*** Opening Exercise data ***
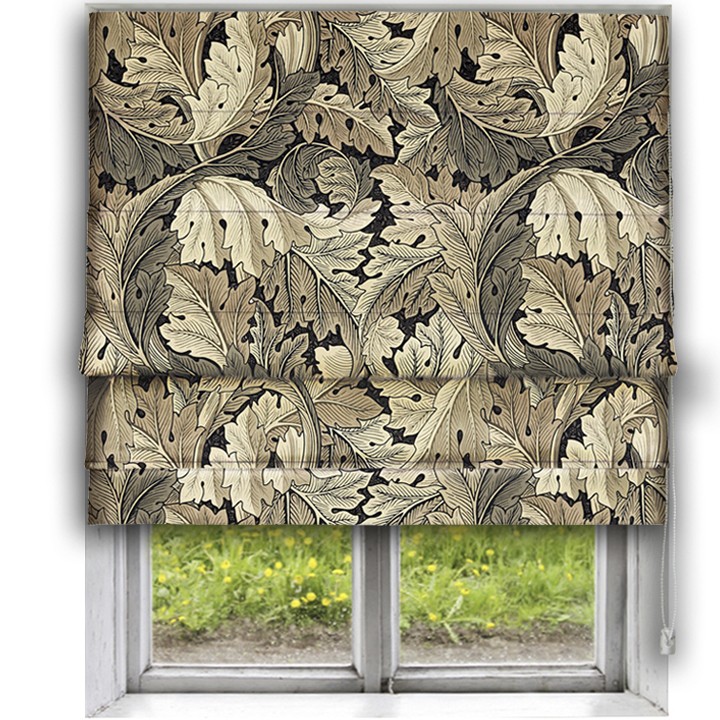 Morris Acanthus Charcoal Roman Blind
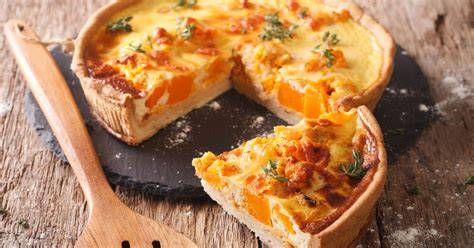 Diagramme de montage de la quiche: pâte - potimarron - appareil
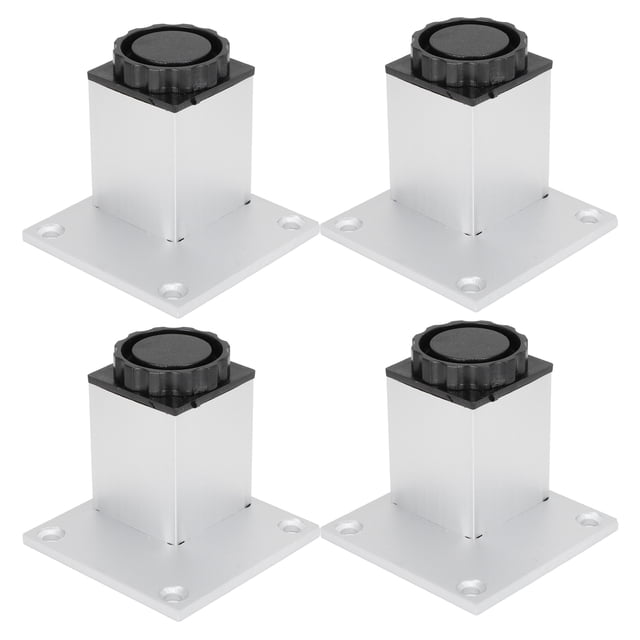 4 piezas de patas de sofá de aleación de aluminio cuadradas ajustables para gabinete, herrajes para muebles de 60 mm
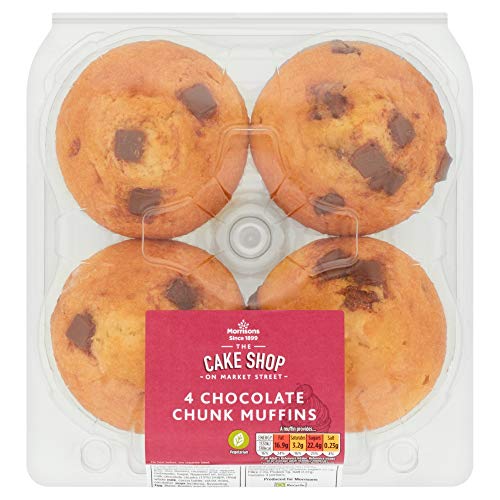 Morrisons Cake Shop Chocolate Chunk Muffins 4 Pack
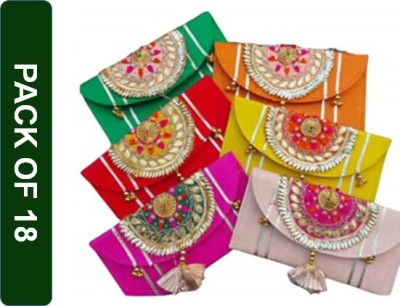 Dev Handicraft Rajasthani Gotta Design Shagun Envelope/Lifafa for ALL Occassions - Pack of 18 Envelopes(Pack of 18 Multicolor)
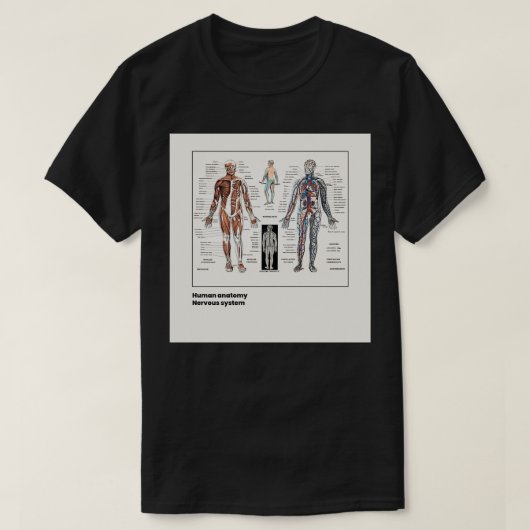 ヒト体アンティークイラストレーション Tシャツ (デザイン正面)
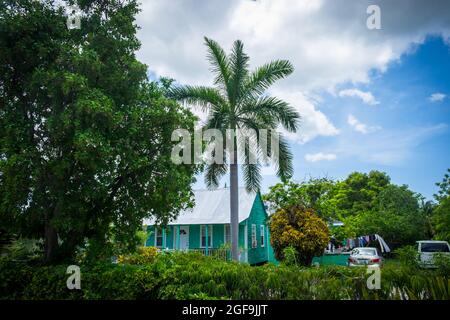 Grand Cayman, îles Caïmans, juillet 2020, vue sur une maison traditionnelle en bois vert avec un toit en étain entouré d'une végétation tropicale dense Banque D'Images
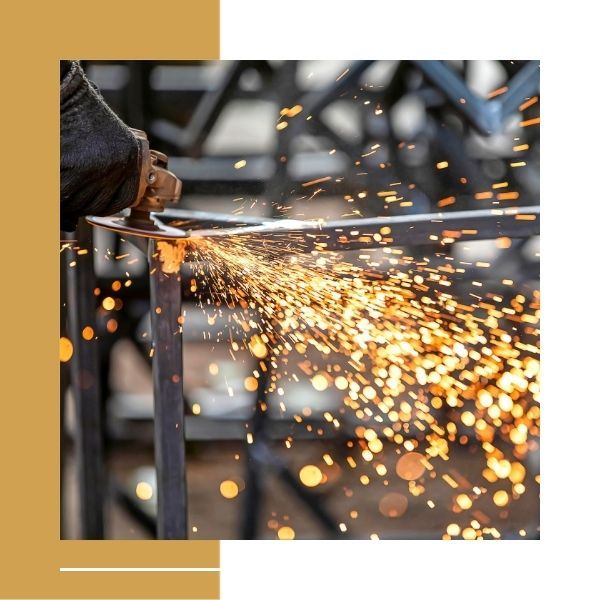 Sparks flying off from metal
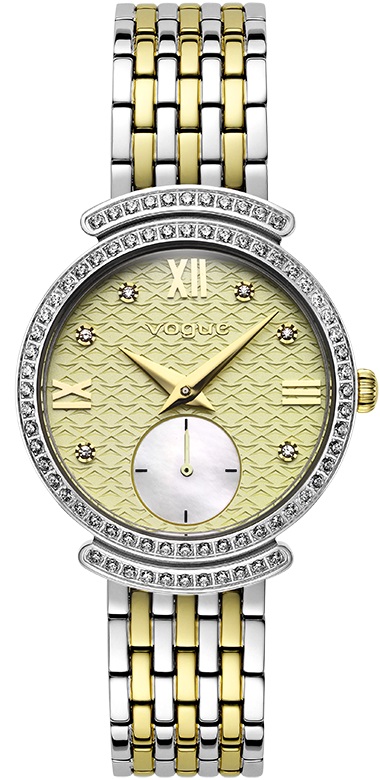 VOGUE Saint Tropez Crystals 32.9mm Silver & Gold Stainless Steel Bracelet 2020612761 - 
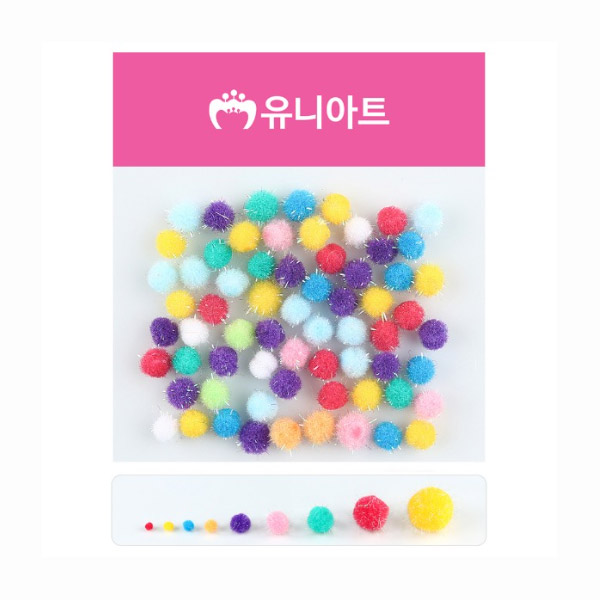 [유니아트] 1000반짝이 폼폼 / 혼합색상 / 방울 / 퐁퐁 / 뿅뿅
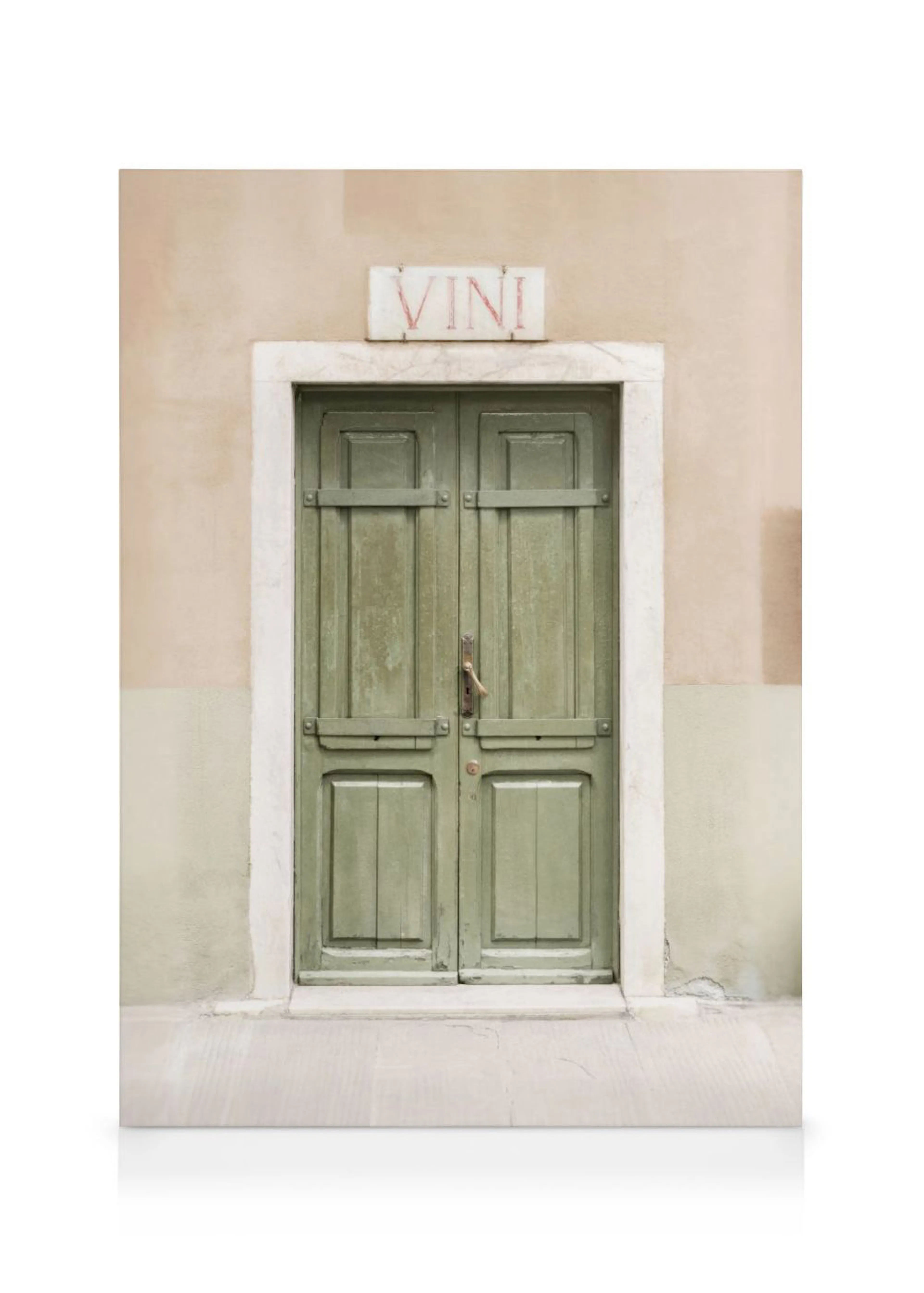 A rustic green wooden door on a canvas print, set into a light-colored wall with a VINI sign above.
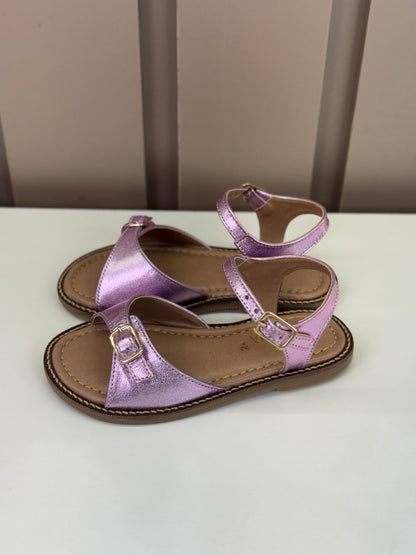 Sandália Infantil Mel Rosa Metalizado - Gracia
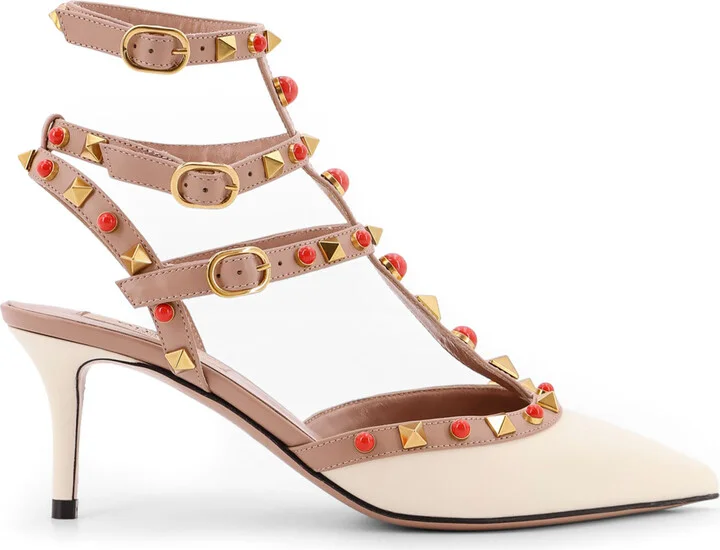 Rockstud Leather Slingback With Cabochon Stones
*** Closing Exercise data ***
### Your task:
Drop the pictures; return the lines above from the line containing "Dev Handicraft Rajasthani" to the line containing "VOGUE Saint Tropez", both included, exactly.

### Written answer:
 Dev Handicraft Rajasthani Gotta Design Shagun Envelope/Lifafa for ALL Occassions - Pack of 18 Envelopes(Pack of 18 Multicolor)
 ヒト体アンティークイラストレーション Tシャツ (デザイン正面)
 Grand Cayman, îles Caïmans, juillet 2020, vue sur une maison traditionnelle en bois vert avec un toit en étain entouré d'une végétation tropicale dense Banque D'Images
 Sparks flying off from metal
 VOGUE Saint Tropez Crystals 32.9mm Silver & Gold Stainless Steel Bracelet 2020612761 - 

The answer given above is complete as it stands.